● **Activity**
Pictures are to be omitted; everything else in the data must be transcribed exactly.

● **Collected data**
===
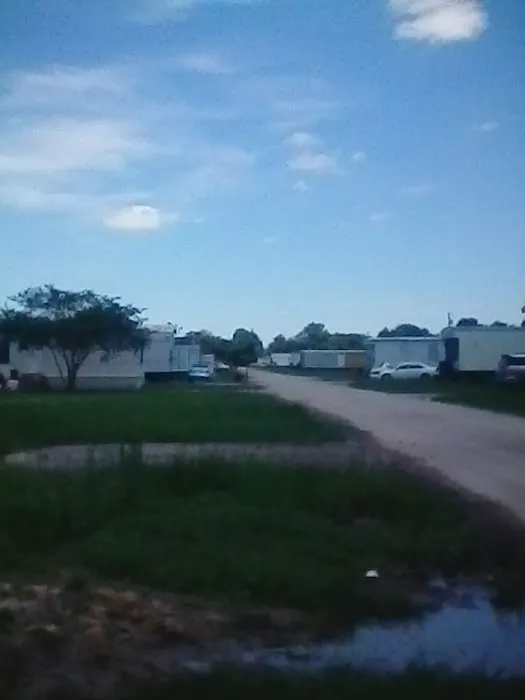 Bon Ami Mobile Home Park Picture 10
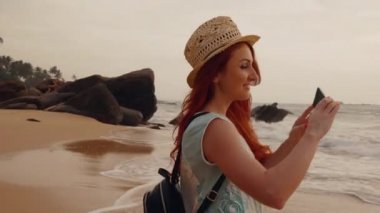 gün batımını fotoğraflarını okyanus tarafından genç kadın turist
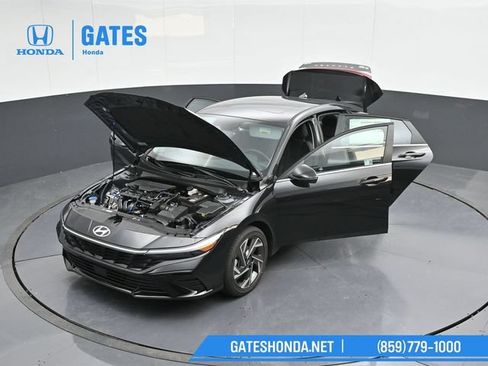 Used 2025 Hyundai Elantra Limited w/ Cargo Package FWD image 59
===
● **Solution to this task**
 Bon Ami Mobile Home Park Picture 10
 gün batımını fotoğraflarını okyanus tarafından genç kadın turist
 Used 2025 Hyundai Elantra Limited w/ Cargo Package FWD image 59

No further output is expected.